From the Salon.com interview:

Women's brains are wired differently from men's. It's why so few women do well in math. It's why women gravitate toward dolls and tea sets as young children, and why they're so much better at understanding other people's emotions. It's why they're so good at housework! (Men are more wired to focus on one task — like arithmetic.) At least that's what a host of recent studies in the field of neuroscience have argued. Too bad they're wrong.

In her new book, "Delusions of Gender: How Our Minds, Society, and Neurosexism Create Difference," Cordelia Fine, a research associate and the author of "A Mind of Its Own" (also about brain science), discovers that, far from supporting the existence of vastly different male and female brains, much of the research on the topic is not only deeply flawed, but dangerously misleading. Women aren't worse at math (as Fine proves in the book, bad neurological research is one of the reasons women are still struggling to catch up in the field), and girls' preference for girlish toys probably has more to do with social expectations than what's in their skulls. Fine's book is a remarkably researched and dense work that, even while tackling highly complex subject manner, retains a light, breezy touch. (read more)

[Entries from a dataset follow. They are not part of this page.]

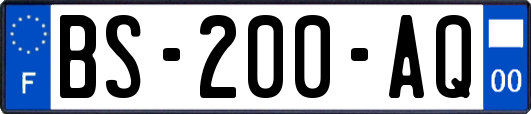 BS-200-AQ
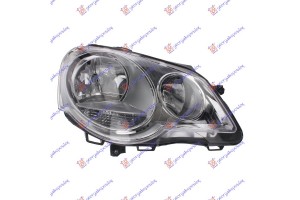 Φανος Εμπρος Valeo Δεξια Vw Polo 05-09 - 031905281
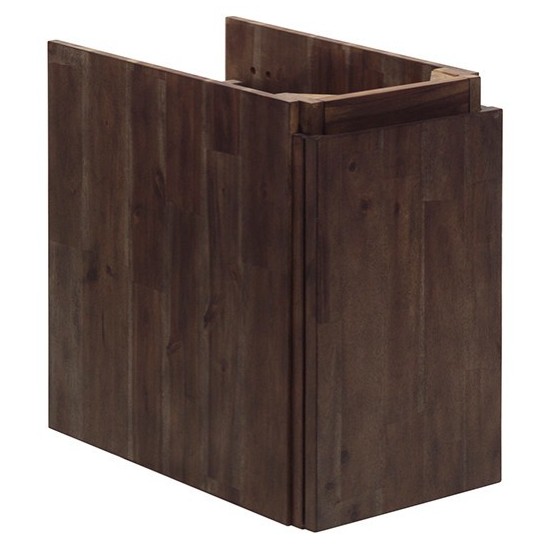 Fresca Formosa 47" Wall Hung Modern Bathroom Cabinet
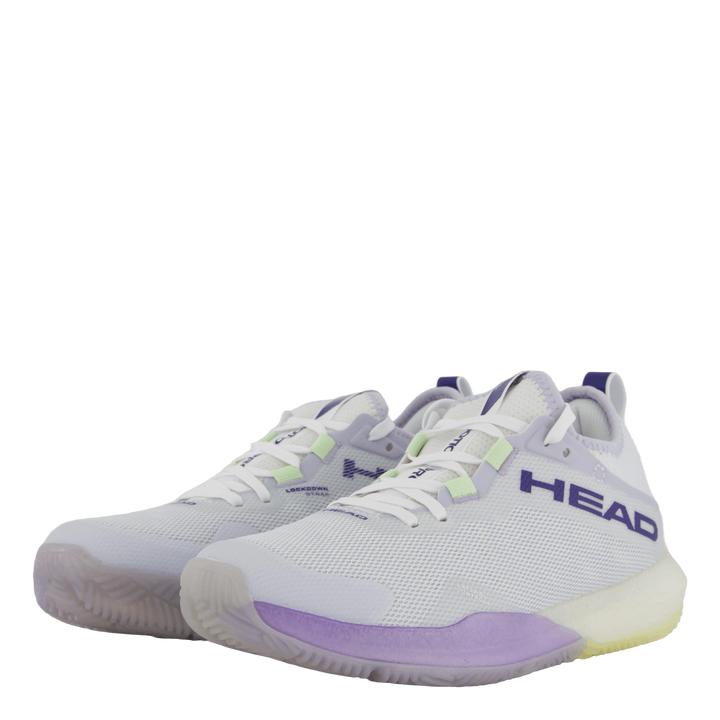 Motion Pro Padel Women White/lavender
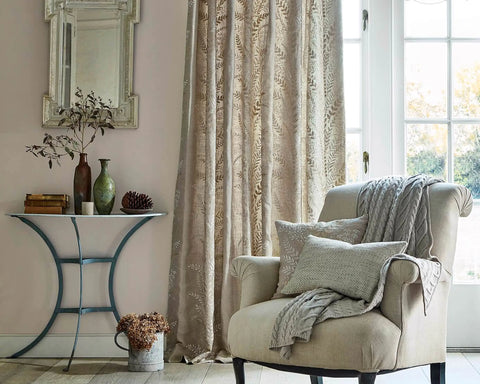 Sanderson Belsay Linen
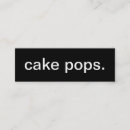 Recherche de cakepops Bruits de gâteau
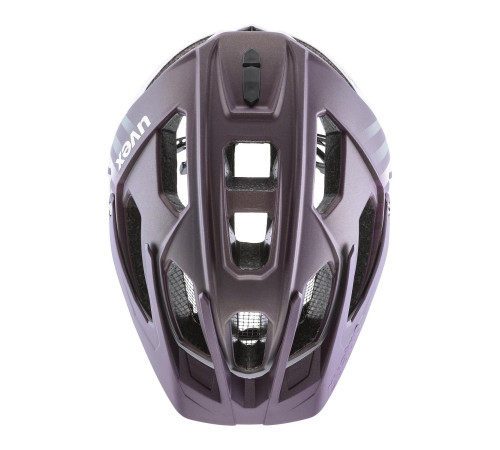 Helmet Uvex Quatro cc prestige-white mat-52-57CM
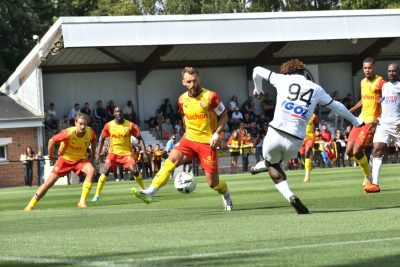 Un match amical pour le RC Lens durant la trêve internationale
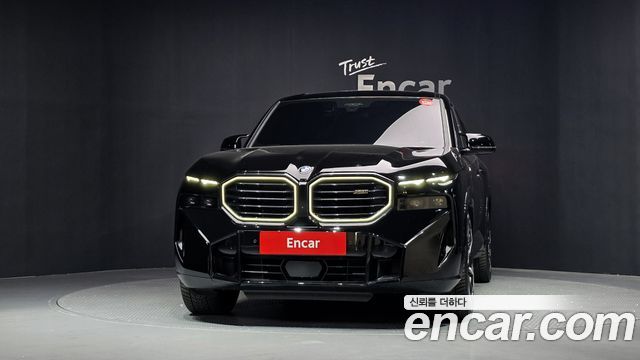 BMW XM 2025 — photo 3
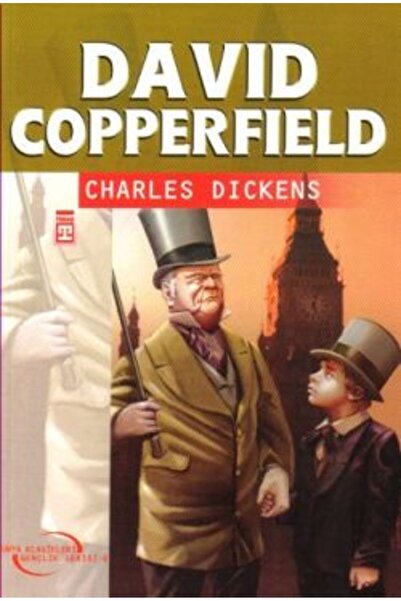 Timaş Çocuk David Copperfield kitabı Charles Dickens  Timaş Çocuk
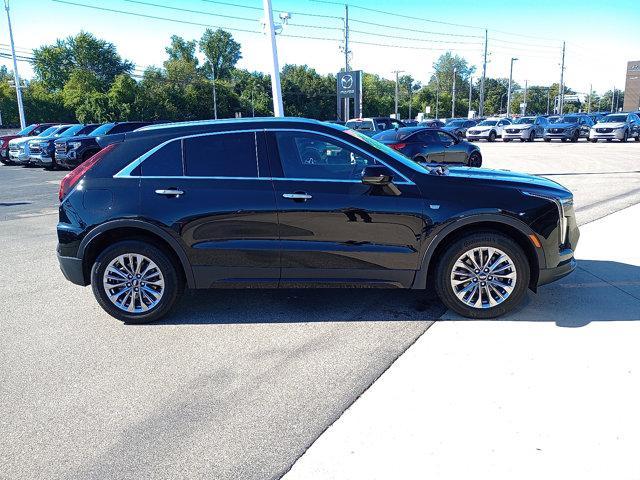 used 2024 Cadillac XT4 car, priced at $31,993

The book seems to focus on dismantling such pop culture stereotypes, that women are inherently bad at math, that men are less socially perceptive etc. These kind of stereotypes are important to challenge for equality sake but the concept of sex and gender binaries must also be challenged. While I'm hearing some things in reviews that give me hope on how this book will treat non-binary gender and the idea of gender construction, there are moments that give me pause.

Once the children reach the age of 2, which is the age they discover which side of this gender divide they're on, all bets are off. Parents may prefer that girls not play with Barbies and boys not play with guns, but by that age children know what tribe they belong to, and will want to be part of it.

This plays into the idea of not only a binary gender but that gender is hard socialization, unchangeable socially enforced destiny. I'm not sure how, or even if, this book will treat gender from the perspective of a non-binary. Though even if the book itself does not do well on issues of non normative gender identity; chipping away at this bad brain business may help future discussions of sex and gender that are queer inclusive.